» **What to work on**:
Please quote exactly the lines below from the line containing "何琳,就是1997年大热电视剧《牵手》里的妹妹,她和陈坤是大学同班同学" to the line containing "奔驰C级 2023款 C 200 L 运动版中控内饰19", both lines included, and nothing else.

» **Data extracts**:
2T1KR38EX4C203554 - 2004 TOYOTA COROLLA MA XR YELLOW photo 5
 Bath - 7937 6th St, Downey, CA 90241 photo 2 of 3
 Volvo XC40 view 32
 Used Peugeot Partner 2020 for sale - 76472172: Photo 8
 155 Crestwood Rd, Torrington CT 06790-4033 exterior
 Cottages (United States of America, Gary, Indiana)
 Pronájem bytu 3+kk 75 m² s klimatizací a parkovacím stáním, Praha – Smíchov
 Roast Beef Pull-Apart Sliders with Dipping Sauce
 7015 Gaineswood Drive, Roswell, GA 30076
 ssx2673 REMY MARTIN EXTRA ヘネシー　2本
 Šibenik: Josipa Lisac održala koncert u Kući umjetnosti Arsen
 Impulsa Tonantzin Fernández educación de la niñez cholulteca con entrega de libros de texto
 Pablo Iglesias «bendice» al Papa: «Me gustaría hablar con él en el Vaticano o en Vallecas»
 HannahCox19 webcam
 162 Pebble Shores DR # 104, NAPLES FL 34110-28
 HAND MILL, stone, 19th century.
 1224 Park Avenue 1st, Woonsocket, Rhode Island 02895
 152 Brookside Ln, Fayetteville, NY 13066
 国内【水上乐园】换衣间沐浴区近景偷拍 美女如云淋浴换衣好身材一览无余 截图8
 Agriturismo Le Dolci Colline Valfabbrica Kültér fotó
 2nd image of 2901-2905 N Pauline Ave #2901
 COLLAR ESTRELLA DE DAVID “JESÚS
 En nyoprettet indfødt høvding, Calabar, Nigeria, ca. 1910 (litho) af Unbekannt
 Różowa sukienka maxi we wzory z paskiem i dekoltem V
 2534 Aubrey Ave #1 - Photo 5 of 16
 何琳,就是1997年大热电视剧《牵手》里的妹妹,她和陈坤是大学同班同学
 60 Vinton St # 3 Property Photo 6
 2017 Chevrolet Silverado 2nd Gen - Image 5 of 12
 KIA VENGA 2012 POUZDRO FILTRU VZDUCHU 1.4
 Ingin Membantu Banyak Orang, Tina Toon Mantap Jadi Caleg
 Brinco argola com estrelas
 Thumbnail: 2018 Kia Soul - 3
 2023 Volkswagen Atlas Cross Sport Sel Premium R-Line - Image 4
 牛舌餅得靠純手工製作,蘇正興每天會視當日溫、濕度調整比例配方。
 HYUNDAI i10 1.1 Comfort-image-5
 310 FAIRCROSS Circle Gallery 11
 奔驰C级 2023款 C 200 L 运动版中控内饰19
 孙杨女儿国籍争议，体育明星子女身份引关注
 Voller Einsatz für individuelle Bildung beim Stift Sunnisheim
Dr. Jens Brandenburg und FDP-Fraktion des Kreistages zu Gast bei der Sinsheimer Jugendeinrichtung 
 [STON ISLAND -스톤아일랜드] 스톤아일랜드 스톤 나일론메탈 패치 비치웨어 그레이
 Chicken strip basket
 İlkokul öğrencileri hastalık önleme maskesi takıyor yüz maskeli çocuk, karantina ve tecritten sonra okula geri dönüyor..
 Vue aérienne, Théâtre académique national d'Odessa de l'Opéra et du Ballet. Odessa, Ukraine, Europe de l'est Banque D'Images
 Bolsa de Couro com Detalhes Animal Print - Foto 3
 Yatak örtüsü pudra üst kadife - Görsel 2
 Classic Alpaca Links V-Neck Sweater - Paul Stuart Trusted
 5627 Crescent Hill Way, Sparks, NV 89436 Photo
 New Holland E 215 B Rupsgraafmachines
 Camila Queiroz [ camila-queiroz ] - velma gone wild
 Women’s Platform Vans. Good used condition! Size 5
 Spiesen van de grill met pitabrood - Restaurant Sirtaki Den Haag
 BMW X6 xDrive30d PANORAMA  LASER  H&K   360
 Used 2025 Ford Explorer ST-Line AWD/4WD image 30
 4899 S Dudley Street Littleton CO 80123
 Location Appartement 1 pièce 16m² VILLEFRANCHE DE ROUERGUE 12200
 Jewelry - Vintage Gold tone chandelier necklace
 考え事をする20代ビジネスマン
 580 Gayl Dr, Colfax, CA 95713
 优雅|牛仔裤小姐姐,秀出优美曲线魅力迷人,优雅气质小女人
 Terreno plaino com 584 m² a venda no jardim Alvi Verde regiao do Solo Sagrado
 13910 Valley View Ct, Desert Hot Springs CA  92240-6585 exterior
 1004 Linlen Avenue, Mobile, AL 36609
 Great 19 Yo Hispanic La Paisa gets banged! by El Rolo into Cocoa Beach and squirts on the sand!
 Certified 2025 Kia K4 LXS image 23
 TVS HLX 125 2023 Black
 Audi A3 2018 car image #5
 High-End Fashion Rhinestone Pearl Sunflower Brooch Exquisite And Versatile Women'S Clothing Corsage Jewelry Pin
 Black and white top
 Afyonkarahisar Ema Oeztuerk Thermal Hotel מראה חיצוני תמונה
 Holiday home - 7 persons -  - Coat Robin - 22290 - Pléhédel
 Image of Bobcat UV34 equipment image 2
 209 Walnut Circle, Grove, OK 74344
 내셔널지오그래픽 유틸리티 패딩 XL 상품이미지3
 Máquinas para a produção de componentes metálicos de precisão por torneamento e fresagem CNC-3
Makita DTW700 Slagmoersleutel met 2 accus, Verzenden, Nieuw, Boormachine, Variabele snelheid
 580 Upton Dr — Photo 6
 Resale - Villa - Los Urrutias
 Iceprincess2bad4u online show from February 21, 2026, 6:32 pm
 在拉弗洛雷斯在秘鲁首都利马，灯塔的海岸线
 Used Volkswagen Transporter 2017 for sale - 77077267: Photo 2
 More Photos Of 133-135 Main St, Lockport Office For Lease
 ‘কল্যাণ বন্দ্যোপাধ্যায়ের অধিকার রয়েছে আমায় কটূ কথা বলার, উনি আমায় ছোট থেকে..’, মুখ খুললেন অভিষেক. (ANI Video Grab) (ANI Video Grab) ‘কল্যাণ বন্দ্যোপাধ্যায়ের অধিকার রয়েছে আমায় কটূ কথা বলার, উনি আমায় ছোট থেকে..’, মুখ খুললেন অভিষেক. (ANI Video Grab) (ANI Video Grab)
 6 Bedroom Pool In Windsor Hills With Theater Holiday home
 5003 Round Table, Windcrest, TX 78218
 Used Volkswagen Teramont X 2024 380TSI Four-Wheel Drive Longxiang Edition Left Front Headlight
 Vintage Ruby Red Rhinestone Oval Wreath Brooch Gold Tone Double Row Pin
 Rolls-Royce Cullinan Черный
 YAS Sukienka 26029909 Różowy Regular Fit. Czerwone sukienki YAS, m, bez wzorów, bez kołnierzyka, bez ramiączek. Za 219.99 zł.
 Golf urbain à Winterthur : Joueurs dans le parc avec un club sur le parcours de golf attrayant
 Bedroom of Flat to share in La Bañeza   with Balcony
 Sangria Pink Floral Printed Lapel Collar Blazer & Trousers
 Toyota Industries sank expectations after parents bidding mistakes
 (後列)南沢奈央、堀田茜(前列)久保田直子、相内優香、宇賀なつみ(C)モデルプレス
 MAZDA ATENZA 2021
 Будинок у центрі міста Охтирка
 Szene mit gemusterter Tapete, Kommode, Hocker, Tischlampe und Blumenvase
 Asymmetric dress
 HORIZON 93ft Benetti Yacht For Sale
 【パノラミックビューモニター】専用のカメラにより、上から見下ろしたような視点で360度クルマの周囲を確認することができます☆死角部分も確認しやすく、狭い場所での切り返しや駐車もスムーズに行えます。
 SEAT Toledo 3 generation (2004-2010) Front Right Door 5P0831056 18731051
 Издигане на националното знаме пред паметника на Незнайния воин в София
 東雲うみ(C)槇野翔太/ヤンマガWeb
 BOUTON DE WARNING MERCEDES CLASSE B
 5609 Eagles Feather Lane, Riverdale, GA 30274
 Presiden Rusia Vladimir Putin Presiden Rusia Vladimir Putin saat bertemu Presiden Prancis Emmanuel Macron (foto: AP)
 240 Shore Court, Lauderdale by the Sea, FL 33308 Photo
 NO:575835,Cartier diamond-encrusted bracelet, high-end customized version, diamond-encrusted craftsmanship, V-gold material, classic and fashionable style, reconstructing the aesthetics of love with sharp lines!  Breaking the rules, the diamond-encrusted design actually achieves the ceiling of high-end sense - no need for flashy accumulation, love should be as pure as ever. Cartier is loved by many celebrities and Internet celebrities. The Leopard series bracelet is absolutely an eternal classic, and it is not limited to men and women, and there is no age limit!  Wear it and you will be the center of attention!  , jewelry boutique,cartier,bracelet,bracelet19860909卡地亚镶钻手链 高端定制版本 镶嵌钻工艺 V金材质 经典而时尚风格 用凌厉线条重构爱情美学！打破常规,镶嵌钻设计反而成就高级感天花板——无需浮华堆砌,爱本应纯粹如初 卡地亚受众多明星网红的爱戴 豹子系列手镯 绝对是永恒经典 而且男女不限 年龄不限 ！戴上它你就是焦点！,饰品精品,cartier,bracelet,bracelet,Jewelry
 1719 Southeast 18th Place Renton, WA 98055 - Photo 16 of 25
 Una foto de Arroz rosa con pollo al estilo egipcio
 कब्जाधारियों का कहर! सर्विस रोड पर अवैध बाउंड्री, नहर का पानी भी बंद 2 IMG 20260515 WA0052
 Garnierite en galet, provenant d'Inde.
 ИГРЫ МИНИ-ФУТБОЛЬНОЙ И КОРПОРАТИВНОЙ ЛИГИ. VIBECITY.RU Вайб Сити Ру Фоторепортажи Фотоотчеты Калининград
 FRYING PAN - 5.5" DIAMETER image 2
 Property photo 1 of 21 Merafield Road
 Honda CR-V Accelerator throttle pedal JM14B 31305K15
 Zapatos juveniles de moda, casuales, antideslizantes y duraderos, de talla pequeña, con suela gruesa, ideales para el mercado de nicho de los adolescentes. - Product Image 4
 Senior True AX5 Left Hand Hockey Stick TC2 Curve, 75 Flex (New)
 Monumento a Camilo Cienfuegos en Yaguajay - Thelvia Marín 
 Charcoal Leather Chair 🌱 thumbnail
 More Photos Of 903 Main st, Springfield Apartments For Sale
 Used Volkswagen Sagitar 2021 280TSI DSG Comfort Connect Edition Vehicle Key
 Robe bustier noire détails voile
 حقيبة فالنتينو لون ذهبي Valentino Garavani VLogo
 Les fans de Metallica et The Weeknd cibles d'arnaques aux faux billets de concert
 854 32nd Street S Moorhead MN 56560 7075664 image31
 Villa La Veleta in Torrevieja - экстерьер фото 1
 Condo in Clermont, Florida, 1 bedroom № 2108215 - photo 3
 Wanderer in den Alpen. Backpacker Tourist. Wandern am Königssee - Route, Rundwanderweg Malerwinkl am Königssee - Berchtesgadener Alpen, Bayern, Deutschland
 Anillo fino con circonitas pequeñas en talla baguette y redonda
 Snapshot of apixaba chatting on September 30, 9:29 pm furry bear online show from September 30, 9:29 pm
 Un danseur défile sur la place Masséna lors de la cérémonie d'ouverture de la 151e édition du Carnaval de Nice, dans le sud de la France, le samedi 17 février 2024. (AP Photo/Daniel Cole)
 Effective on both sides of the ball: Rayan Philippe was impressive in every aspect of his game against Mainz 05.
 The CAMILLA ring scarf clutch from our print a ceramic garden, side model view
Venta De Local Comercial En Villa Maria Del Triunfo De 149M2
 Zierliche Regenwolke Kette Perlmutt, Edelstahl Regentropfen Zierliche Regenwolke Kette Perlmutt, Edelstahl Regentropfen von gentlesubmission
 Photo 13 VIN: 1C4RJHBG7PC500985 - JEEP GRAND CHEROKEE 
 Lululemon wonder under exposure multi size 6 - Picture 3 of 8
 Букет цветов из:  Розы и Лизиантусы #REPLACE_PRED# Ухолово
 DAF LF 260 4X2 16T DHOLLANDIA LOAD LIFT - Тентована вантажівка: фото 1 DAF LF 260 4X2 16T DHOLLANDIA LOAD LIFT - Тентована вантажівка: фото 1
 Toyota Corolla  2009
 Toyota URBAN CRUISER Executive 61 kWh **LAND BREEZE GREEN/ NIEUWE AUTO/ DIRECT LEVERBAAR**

» **Answer box**:
 何琳,就是1997年大热电视剧《牵手》里的妹妹,她和陈坤是大学同班同学
 60 Vinton St # 3 Property Photo 6
 2017 Chevrolet Silverado 2nd Gen - Image 5 of 12
 KIA VENGA 2012 POUZDRO FILTRU VZDUCHU 1.4
 Ingin Membantu Banyak Orang, Tina Toon Mantap Jadi Caleg
 Brinco argola com estrelas
 Thumbnail: 2018 Kia Soul - 3
 2023 Volkswagen Atlas Cross Sport Sel Premium R-Line - Image 4
 牛舌餅得靠純手工製作,蘇正興每天會視當日溫、濕度調整比例配方。
 HYUNDAI i10 1.1 Comfort-image-5
 310 FAIRCROSS Circle Gallery 11
 奔驰C级 2023款 C 200 L 运动版中控内饰19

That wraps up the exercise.